Written By: Longjam Dineshwori | Updated : September 15, 2021 11:12 AM IST
Image credits by: Preeclampsia can be deadly for gestating mothers and their babies.
Preeclampsia is a dangerous pregnancy complication characterized by the development of high blood pressure and excess protein in the urine. It is estimated to affect 5 to 7 per cent of pregnant women worldwide. Preeclampsia can be deadly for gestating mothers and their babies. Often premature delivery is the only option in preeclampsia, and we know that premature birth can be life-threatening for babies and lead to lifelong consequences.
While it's not clear what exactly causes preeclampsia, a variety of risk factors are linked to the condition. One is antiphospholipid syndrome (APS), an autoimmune disease in which antibodies react to proteins on the surface of some cells. APS is rare disease, affecting only about 5 in every 100,000 people. However, APS antibodies have been found in about 29 per cent of pregnant women with preeclampsia.
A team of UT Southwestern scientists conducted a study to better understand how APS leads to preeclampsia, and found an enzyme called protein phosphatase 2 (PP2A) that appears to be a major driver of preeclampsia. They published the findings in Circulation Research, suggesting that it could lead to new treatments for preeclampsia that are far better for both mothers and babies, other than premature delivery.

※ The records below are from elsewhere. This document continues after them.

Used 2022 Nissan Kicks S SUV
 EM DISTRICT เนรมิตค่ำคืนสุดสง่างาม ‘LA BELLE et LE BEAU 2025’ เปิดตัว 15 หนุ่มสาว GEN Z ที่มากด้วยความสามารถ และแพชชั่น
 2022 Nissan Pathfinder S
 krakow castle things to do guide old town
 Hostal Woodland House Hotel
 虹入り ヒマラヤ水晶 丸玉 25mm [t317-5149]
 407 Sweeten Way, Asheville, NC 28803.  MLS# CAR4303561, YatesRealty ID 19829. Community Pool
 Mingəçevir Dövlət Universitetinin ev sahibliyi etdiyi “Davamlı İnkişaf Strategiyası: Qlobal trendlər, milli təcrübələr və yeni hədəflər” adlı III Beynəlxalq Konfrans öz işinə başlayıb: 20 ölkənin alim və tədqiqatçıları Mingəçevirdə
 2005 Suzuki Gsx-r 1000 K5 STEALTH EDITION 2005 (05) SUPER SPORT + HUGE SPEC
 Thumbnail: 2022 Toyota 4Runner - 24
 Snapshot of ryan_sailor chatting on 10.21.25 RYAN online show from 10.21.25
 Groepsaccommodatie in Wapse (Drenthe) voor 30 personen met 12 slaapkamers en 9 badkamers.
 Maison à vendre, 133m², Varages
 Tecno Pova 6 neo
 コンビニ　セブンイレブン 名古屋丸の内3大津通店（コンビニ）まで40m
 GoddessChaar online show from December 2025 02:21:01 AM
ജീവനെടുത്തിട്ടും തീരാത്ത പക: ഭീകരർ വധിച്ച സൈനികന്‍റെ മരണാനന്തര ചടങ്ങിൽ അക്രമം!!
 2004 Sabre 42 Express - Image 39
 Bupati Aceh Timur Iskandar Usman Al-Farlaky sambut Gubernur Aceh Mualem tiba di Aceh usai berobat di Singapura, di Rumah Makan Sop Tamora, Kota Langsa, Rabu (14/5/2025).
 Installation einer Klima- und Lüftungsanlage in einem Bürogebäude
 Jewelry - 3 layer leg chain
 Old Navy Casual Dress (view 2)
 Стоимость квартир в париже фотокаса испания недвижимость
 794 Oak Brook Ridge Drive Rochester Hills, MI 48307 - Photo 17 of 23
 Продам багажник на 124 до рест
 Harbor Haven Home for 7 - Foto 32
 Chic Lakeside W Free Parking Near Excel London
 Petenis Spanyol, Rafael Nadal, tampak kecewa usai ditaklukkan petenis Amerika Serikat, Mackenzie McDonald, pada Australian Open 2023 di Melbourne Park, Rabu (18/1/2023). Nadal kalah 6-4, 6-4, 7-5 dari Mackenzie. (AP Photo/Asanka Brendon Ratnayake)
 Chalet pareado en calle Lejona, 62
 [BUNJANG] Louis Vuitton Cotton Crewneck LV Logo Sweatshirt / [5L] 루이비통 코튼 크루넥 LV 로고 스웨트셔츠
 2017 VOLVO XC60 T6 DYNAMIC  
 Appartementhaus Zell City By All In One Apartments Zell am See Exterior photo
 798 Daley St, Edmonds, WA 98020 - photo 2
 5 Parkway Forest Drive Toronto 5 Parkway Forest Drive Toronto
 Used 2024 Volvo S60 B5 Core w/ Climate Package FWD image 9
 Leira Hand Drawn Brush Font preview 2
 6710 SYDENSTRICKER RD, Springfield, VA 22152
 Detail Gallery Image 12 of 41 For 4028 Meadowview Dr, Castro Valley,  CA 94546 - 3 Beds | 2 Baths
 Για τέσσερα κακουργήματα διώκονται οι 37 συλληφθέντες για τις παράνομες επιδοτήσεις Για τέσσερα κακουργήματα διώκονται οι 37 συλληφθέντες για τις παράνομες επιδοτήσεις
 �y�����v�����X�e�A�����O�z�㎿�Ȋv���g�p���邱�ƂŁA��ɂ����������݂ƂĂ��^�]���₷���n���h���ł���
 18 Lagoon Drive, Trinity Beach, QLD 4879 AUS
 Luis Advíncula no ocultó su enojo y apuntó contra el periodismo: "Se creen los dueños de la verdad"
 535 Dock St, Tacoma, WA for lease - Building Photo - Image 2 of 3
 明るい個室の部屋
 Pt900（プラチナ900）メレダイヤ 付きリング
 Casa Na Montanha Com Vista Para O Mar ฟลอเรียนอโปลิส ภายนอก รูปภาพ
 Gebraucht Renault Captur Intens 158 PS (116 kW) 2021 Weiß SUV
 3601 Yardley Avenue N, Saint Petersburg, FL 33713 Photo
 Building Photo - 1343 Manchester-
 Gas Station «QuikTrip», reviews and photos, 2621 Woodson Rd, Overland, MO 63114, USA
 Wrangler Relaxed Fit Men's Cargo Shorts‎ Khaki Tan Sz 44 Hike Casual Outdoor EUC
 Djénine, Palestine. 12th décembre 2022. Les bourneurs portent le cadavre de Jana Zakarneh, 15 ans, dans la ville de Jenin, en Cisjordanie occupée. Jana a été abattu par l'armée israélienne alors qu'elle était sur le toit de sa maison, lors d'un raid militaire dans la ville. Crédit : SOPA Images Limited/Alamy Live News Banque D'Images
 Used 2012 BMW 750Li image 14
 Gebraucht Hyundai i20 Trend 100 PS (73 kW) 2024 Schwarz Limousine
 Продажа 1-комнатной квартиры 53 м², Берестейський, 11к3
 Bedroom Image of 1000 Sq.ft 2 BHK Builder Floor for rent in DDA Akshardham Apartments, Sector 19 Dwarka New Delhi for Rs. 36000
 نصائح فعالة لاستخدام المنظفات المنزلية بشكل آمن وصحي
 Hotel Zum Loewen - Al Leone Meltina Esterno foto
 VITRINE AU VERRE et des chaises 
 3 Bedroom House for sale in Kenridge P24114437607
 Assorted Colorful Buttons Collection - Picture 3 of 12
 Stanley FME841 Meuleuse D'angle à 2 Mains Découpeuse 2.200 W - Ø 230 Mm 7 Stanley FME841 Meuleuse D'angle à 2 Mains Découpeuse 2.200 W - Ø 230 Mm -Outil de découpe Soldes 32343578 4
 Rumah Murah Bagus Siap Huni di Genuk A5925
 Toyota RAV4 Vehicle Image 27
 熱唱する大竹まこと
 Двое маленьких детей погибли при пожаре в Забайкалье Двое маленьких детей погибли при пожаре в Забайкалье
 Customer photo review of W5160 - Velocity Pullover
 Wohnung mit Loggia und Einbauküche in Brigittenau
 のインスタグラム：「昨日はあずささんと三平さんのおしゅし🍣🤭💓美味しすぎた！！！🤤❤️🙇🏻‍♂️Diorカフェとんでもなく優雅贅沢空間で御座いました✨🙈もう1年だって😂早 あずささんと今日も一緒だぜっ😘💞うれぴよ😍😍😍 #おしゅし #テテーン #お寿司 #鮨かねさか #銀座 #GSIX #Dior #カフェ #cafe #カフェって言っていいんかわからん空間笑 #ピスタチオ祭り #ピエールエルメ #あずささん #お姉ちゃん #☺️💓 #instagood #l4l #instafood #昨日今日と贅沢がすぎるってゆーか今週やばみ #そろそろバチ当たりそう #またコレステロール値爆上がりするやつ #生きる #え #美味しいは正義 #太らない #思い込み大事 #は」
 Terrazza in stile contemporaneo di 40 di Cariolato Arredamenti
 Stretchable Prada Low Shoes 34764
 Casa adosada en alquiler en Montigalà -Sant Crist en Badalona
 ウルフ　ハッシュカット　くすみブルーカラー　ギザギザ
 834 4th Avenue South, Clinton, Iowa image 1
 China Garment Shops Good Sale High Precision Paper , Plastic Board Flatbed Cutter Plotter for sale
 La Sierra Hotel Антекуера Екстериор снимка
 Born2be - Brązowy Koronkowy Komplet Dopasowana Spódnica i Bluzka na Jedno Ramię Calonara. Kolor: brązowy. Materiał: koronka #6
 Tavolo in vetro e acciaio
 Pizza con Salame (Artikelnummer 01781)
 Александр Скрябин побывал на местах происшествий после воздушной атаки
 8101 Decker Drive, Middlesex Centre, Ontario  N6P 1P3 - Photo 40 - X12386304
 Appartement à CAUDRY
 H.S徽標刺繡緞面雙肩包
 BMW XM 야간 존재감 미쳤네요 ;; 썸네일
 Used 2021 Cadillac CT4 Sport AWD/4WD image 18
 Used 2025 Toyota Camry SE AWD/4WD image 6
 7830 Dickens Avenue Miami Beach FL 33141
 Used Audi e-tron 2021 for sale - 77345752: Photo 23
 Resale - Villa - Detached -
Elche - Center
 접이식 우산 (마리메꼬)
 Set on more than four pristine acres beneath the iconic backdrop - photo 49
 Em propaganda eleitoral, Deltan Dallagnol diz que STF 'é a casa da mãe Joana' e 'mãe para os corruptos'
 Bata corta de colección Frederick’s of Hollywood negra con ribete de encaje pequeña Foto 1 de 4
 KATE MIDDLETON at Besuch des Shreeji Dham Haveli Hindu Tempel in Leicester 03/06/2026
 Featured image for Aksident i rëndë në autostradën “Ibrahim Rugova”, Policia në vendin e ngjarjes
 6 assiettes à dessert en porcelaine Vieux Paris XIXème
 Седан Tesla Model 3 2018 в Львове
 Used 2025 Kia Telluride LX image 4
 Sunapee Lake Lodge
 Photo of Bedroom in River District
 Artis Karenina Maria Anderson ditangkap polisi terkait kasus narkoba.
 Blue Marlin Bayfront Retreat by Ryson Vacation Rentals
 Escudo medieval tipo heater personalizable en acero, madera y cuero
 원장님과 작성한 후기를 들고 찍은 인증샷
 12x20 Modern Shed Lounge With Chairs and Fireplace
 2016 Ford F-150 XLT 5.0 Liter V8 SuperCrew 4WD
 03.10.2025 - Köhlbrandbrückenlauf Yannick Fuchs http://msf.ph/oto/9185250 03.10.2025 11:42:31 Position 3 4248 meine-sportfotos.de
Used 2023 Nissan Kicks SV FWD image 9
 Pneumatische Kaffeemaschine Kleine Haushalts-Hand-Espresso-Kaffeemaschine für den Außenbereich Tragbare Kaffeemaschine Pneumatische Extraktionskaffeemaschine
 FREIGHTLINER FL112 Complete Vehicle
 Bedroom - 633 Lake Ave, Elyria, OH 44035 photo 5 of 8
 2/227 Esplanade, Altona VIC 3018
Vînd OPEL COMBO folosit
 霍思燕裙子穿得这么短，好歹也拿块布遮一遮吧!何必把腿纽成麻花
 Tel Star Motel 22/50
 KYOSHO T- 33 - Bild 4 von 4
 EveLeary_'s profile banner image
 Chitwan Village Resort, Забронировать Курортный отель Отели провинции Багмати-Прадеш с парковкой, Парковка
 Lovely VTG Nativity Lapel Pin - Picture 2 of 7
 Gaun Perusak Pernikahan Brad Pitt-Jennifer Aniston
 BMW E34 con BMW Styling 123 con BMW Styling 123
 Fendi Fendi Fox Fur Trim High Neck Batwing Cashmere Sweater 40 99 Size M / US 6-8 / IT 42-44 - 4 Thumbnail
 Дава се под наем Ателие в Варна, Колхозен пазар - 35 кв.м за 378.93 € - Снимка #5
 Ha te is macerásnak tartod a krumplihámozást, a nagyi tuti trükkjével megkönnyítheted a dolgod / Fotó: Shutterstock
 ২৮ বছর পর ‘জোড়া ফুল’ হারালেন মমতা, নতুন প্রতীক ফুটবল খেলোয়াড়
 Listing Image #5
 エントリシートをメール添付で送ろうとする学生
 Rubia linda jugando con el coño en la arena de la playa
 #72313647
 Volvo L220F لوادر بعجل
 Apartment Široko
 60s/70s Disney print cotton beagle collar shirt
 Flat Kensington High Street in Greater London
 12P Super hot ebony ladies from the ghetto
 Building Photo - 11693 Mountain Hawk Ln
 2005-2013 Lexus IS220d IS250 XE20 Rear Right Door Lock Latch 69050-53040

The UT Southwestern scientists led by Dr. Philip W. Shaul, Professor and Vice Chair for Research in the Department of Pediatrics injected with APS antibodies in pregnant and non-pregnant mice. The pregnant animals developed high blood pressure and a rise in urine protein (which are characteristics of preeclampsia), but the blood pressure in nonpregnant mice remained unaffected.
Previous work had suggested that a protein called ApoER2 may be related to the harmful actions of APS antibodies on placental cells called trophoblasts, which normally travel from the fetal side of the placenta to the maternal side to provide the fetus with nutrients. In preeclampsia, these cells don't successfully make that connection.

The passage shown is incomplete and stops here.